Barakah symbolizes the connection between Allah and His servants, through His direct and intentional blessing of those that are most reflective of Him and His orders. Baraka is not a state, it is a flow of blessings and grace that is attained in life through Taqwa – an ever-growing God-Consciousness.
It is that very same Taqwa that punctuates our Ramadan. It is the attainment of Taqwa as an outcome of the blessed month of Ramadan that establishes the barakah resulting in the emancipation from Hellfire, redemption from our sins, and release from lustful inclination and salvation from our inequity.
It is this barakah that reconnects distant hearts, heals broken relationships and transforms spite into goodwill and discord into harmony.
The month of Ramadan comes with an ascending, three tier self-development framework:
At the first tier, the abstinence from food, drink and spousal relations instills an appreciation for what we normally take for granted.
At the second level is the fasting of the limbs from sinful indulgences and impulses, such as the eyes that are lowered, the tongue that is more reserved, and the hands that are restricted. It is here that the words of the Prophet come to heart:
Fasting is a shield; so when one of you is fasting he should neither indulge in obscene language nor should he raise his voice in anger. If someone attacks him or insults him, let him say: “I am fasting!” (Muslim)
He also said in a hadith reported by Bukhari:
Whosoever does not abandon false speech and the acting upon it, Allah is not in need of him leaving off his food and drink.”
The third and most elevated level of abstinence in Ramadan is that of the heart. The aim is to restrain the heart from all the distractions that distance one from Allah and His messenger.
The heart is integral to a complete fast. By its virtue a believer can grow closer to Allah and in it is the root of faith. From it, correct actions are predicated on its sincerity and intention, and most importantly, love – for Allah and His Creation exists in the heart.

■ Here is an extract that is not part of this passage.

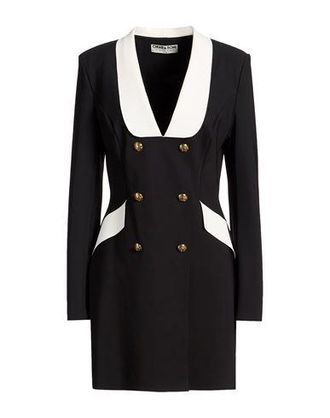 La Petite Robe Di Chiara Boni DRESSES - Mini dresses sur YOOX.COM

It is through this process of Taqwa and sincere love, that barakah arrives. As the beginning of Ramadan would approach the Prophet would say to the companions, Ramadan has come to you. (It is) a month of Barakah, in which Allah covers you with blessing, for He sends down Mercy, decreases sins and answers prayers. In it, Allah looks at your competition (in good deeds), and boasts about you to His angels. So show Allah goodness from yourselves, for the unfortunate one is he who is deprived in (this month) of the mercy of Allah, the Mighty, the Exalted.” [Narrated by Tabarani – Accepted]
So I begin to wonder, as should you, about the absence of barakah from our homes, mosques and community?
How come it remains so hard, in the blessed month, to find enough compassion in our heart to overlook the faults of others?
Why is it so hard to apologize to a spouse and seek reconnection with those worth keeping in our life and with whom we share a home and family?
How is it that we sincerely call out to Allah for His mercy, during His sacred month of mercy, yet we are unwilling to treat those around us with benevolence?
How is it that we beg sincerely for forgiveness, yet we audaciously remain unwilling to pardon those who have wronged us?
For how long will our arrogance and desire for worldly gain cut us off from our kith and kin?
How is it the Prophet (saw) can forgive and provide amnesty and a path to redemption for those who committed atrocities against him and the early believers, while our own blood relatives at times are given no hope to ever recover from their sinful error?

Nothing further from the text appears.